Of course, it is a different matter that she manages to pack a punch with almost everything she does — be it donning a different personality, slogging her way to win the dancing queen crown, or lending a sympathetic ear to listeners on the radio.
“When she was Jassi, she used to spend all her waking hours in the studio. It was her home. She even had little plants and pinned photographs around her corner in the studio,” laughs Gera.
A day in the life of Singh indeed seems rushed — almost like a tornado passing through town. While she was rehearsing for Jhalak Dikhhla Jaa and hosting the breakfast show, she would be in Delhi for a few hours in the morning, do the show and then take the next flight back to Mumbai to rehearse for eight hours at a stretch.
“Now suddenly that the show is over, I’m experiencing a certain emptiness. I was used to rehearsing for hours on end. Now things are different,” says Singh. Which is why she has decided to keep dancing and has signed up for salsa classes. “I am also going to try out power yoga,” she adds. Clearly, if her trim self is anything to go by, there’s a new fitness-conscious Mona Singh on the block.
Though Singh shuttles to and fro between Delhi and Mumbai, she has bought a house in Andheri West. Her parents too have shifted into her new pad from Pune. “You see, my father is my Rock of Gibraltar. He is the one person who can tell me who I am. After a long day’s work, I really need to have my parents around me,” says Singh.
A graduate in commerce from St Mira’s College, Pune, Singh admits that acting didn’t happen quite by chance. It was by choice. “So no one discovered me on the road. I was modelling for ad campaigns like Breeze, which was incidentally my first campaign in 2002. The biggest ad I was a part of was the Asian Paints campaign by which time there was huge speculation as to who Jassi was,” she reminisces.
With fame came defining moments such as her first visit to Delhi post-Jassi. She says, “There were people all around, hanging from the escalators and balconies in Ansal Plaza. It was so moving that I cried. Later Gaurav and I had a similar experience in Calcutta, where at the Book Fair we appeared before a crowd of 30,000 people.”

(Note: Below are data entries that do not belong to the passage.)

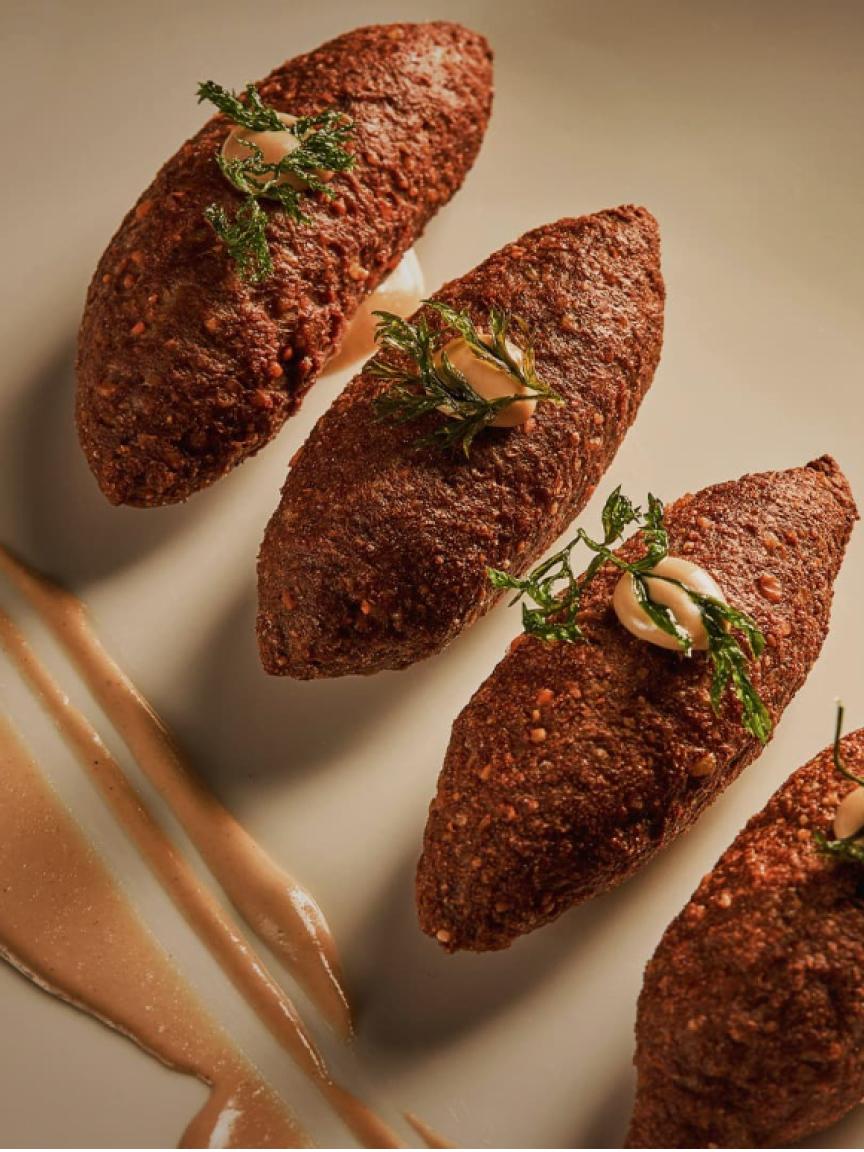 Primer plano de kibbeh, un plato de carne del Medio Oriente, decorado con hierbas y salsa.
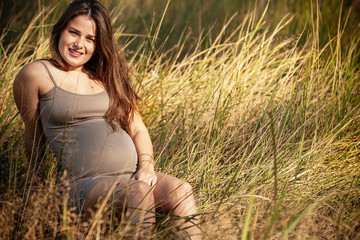 Naklejka na ściany i meble portrait of a beautiful young pregnant girl in a trendy dress against the background of an autumn forest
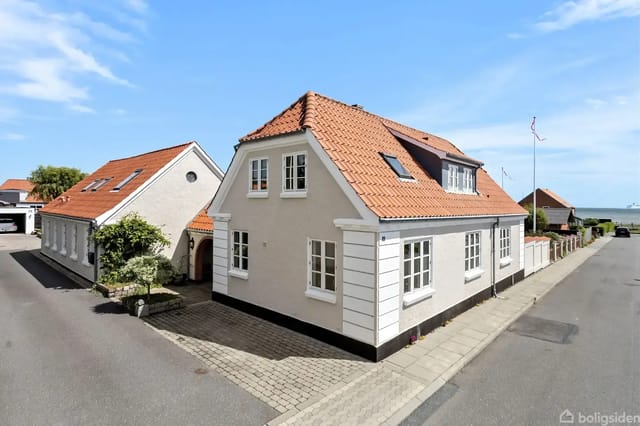 A white house with a red roof stands quietly on a cobbled street beside another similar house. A blue sky and sea view are seen in the background.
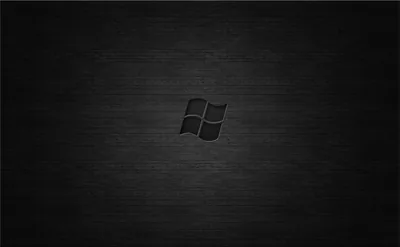 The four-pane Windows mark sits small at the centre of a brushed dark metal panel with a soft glow behind it.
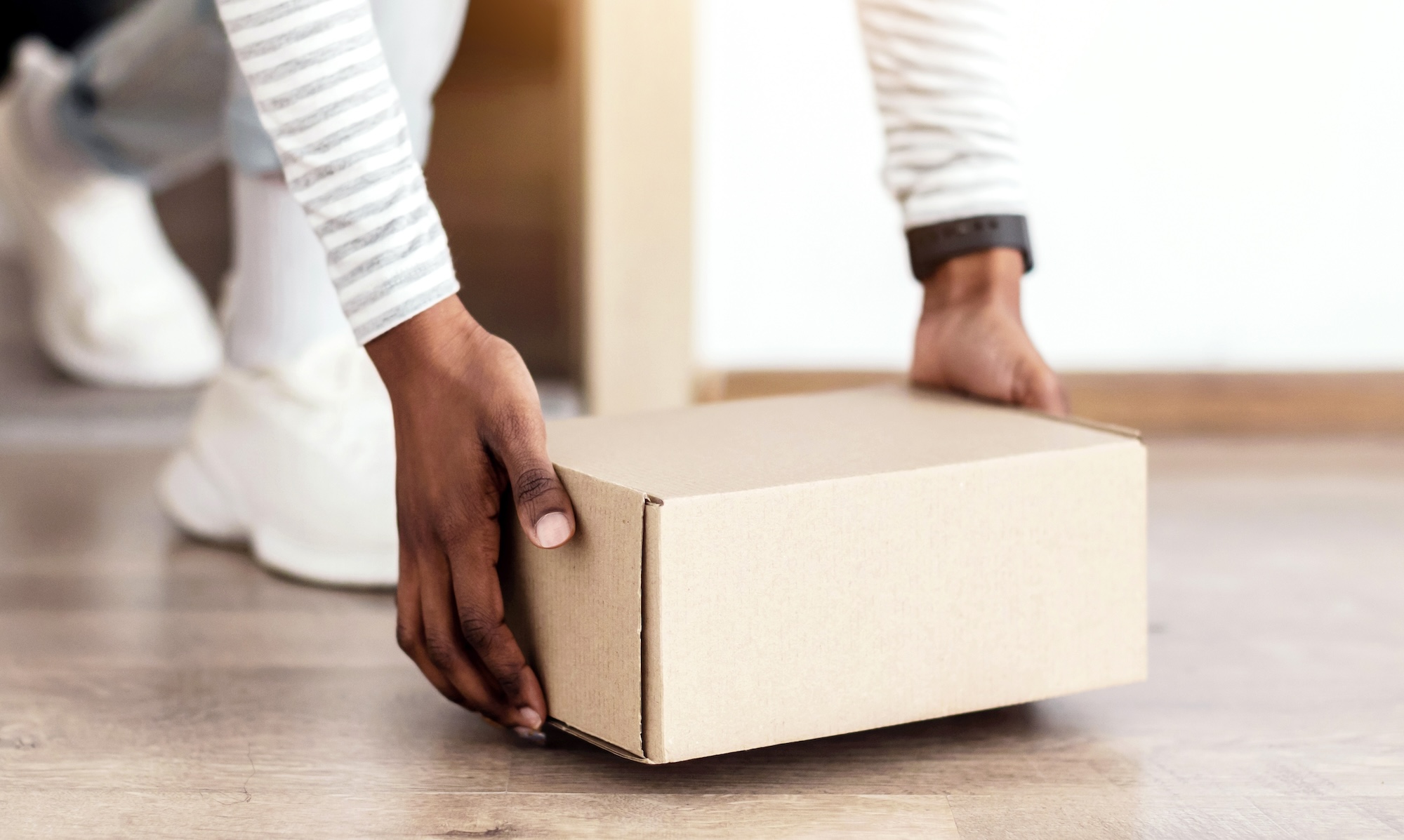 Person receiving a package at their front door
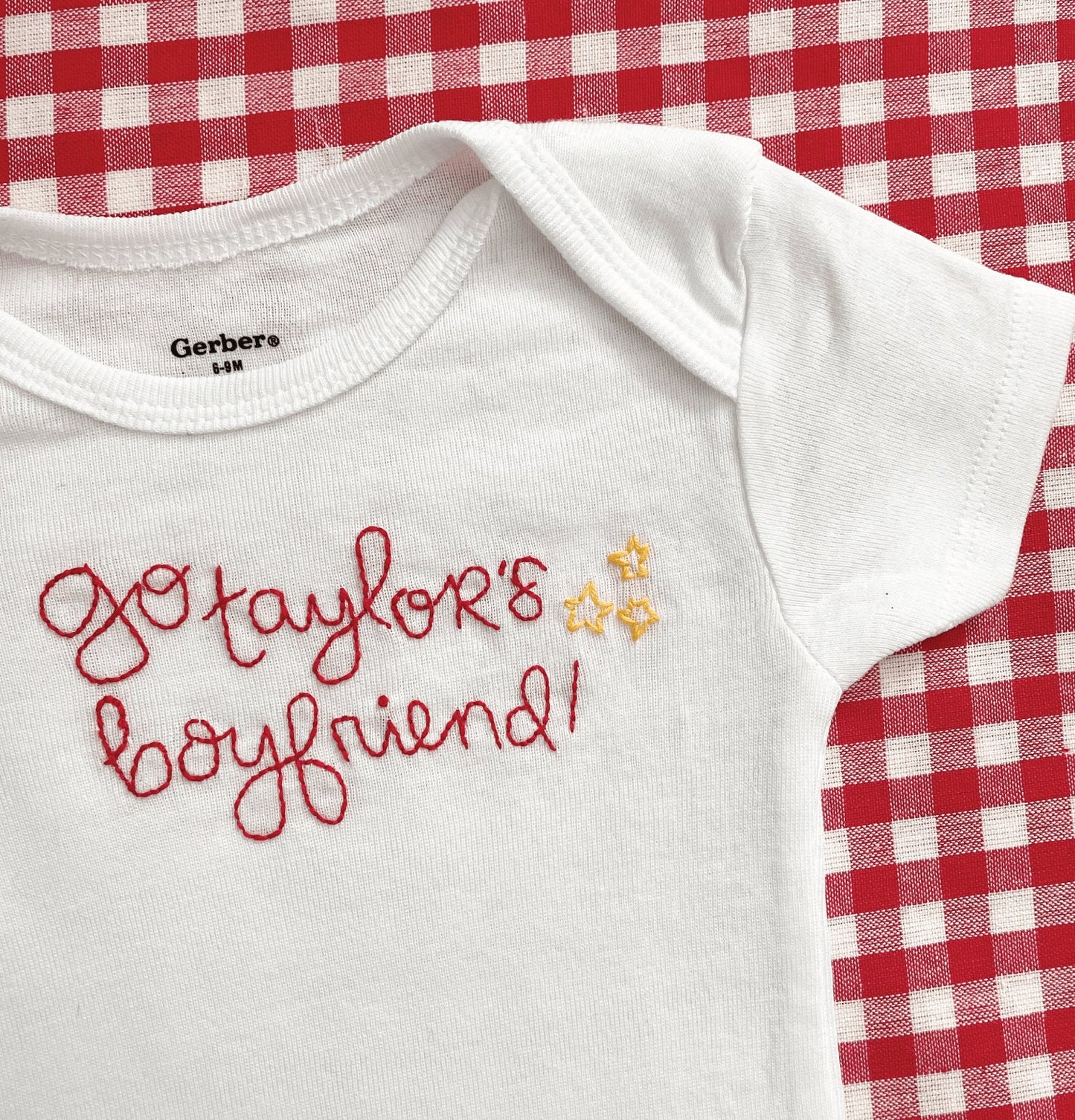 Go Taylor's Boyfriend hand embroidered in red with 3 yellow stars on the right of the text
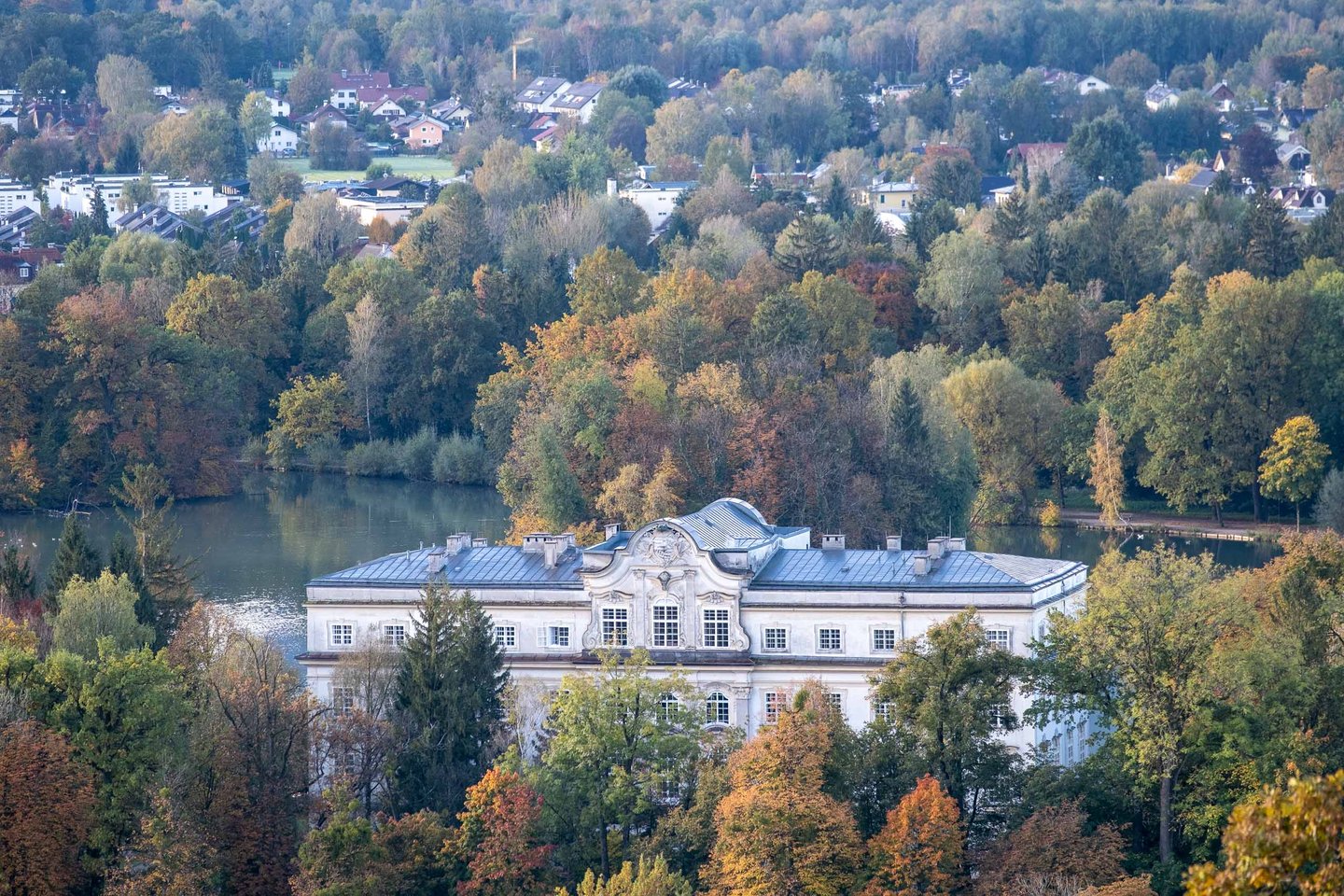 Schloss Leopoldskron palace reflected in its pond amid autumn trees in Salzburg.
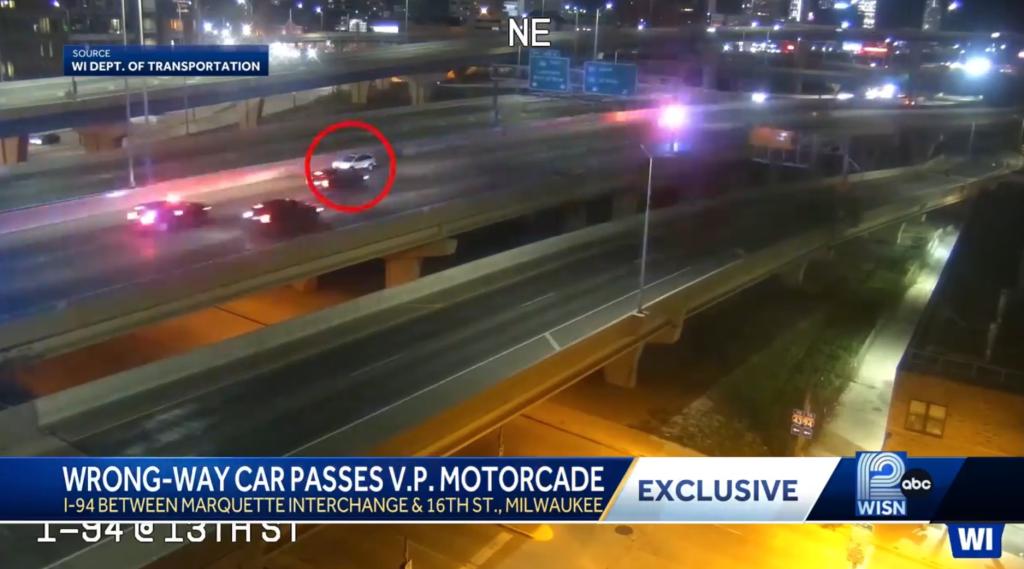 A car driving in the wrong direction passing Vice President Kamala Harris' motorcade in Milwaukee
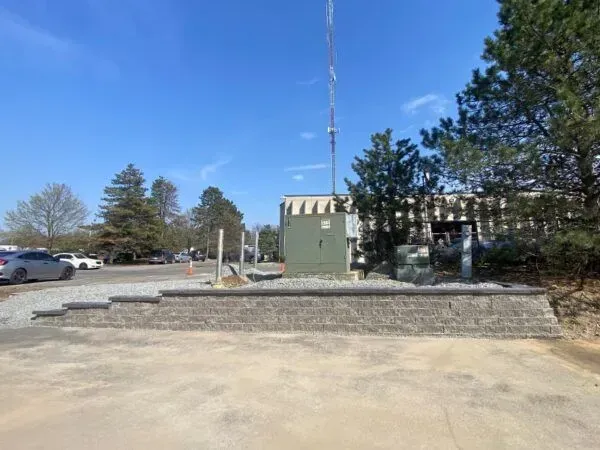 Gray block retaining wall with gravel parking area. Green utility box and radio tower against a blue sky.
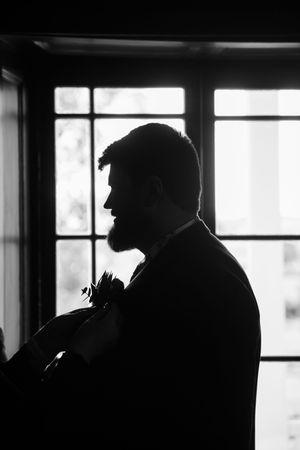 Silhouetted profile views showing figure against bright window in dramatic black and white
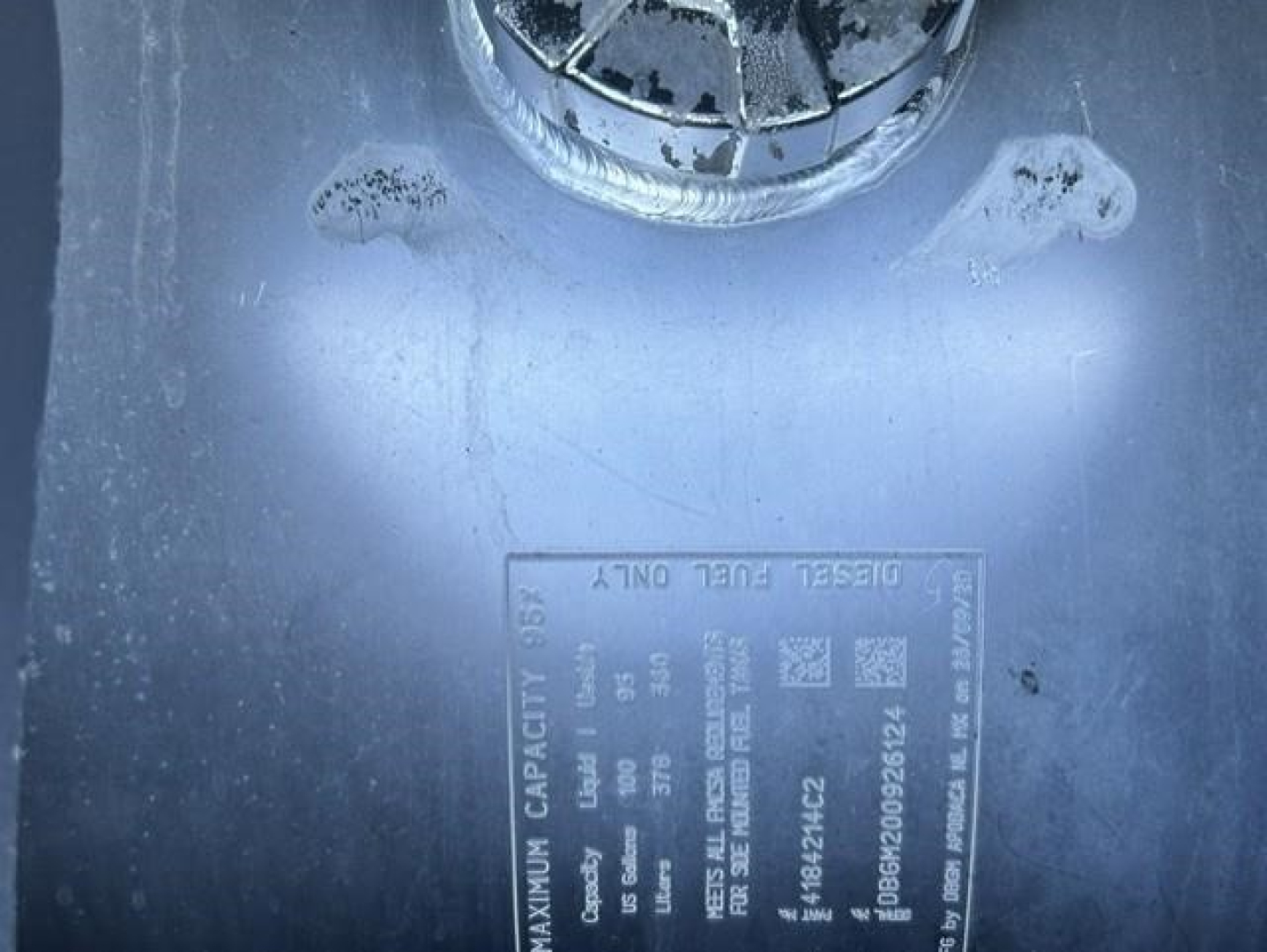Label on truck showing maximum capacity and tire load data with a circular cap above. Text includes details like 'MAXIMUM CAPACITY' and various numeric specifications.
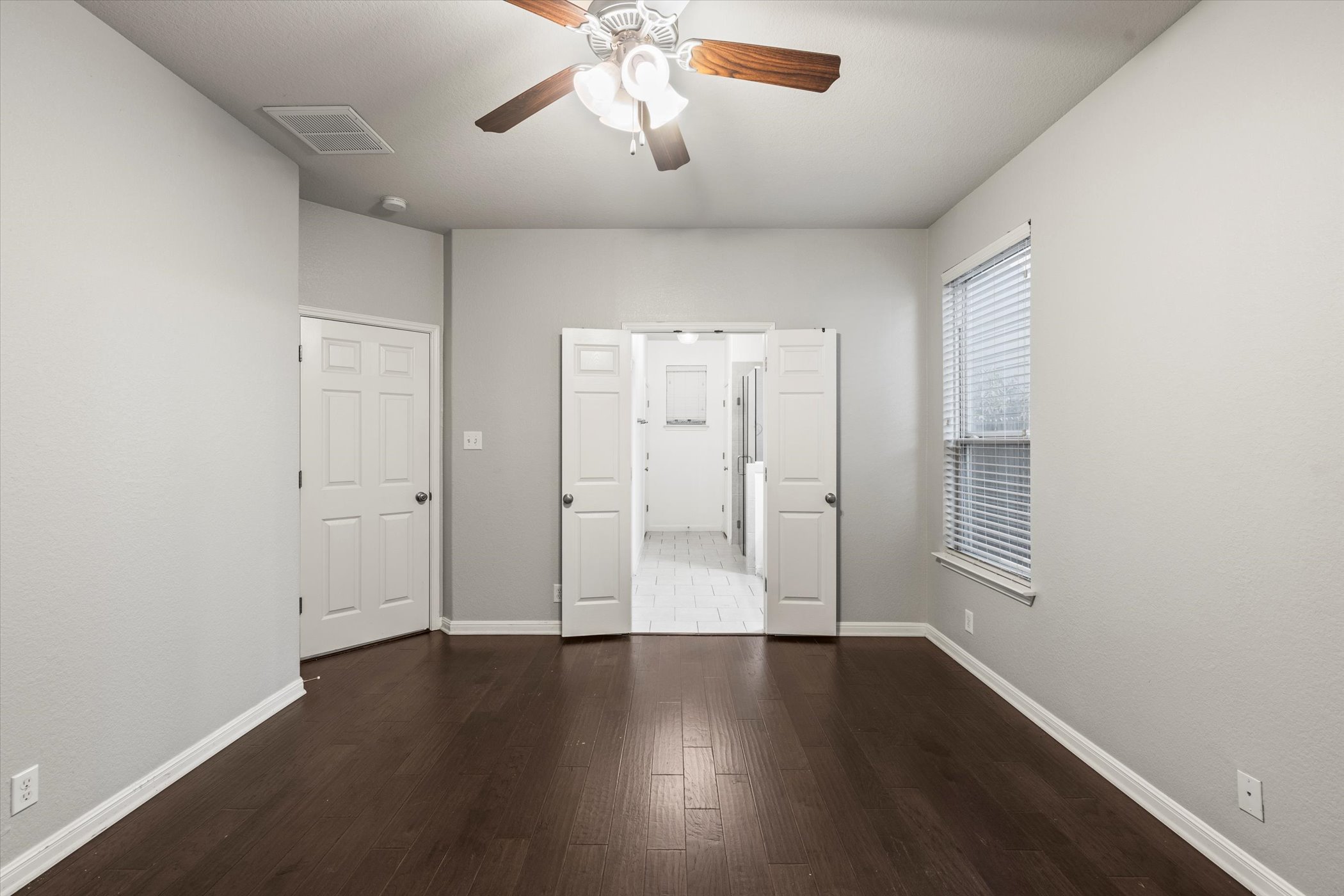 7337 Menchaca Road, Unit #22 Austin, TX 78745 - Photo 8 of 25 Primary bedroom with wood flooring, ceiling fan, and ensuite bath with walk-in closet.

But if offers have been pouring in, what’s crucial, points out Singh, is the fact that it is very tough to sustain success. She adds, “There’s always the pressure of performing. You can’t just say you’re not feeling well on a particular day and use it as an excuse for not performing well. After all, there are thousands of eyes on you.” And now with her radio show, the ears are tuning in too.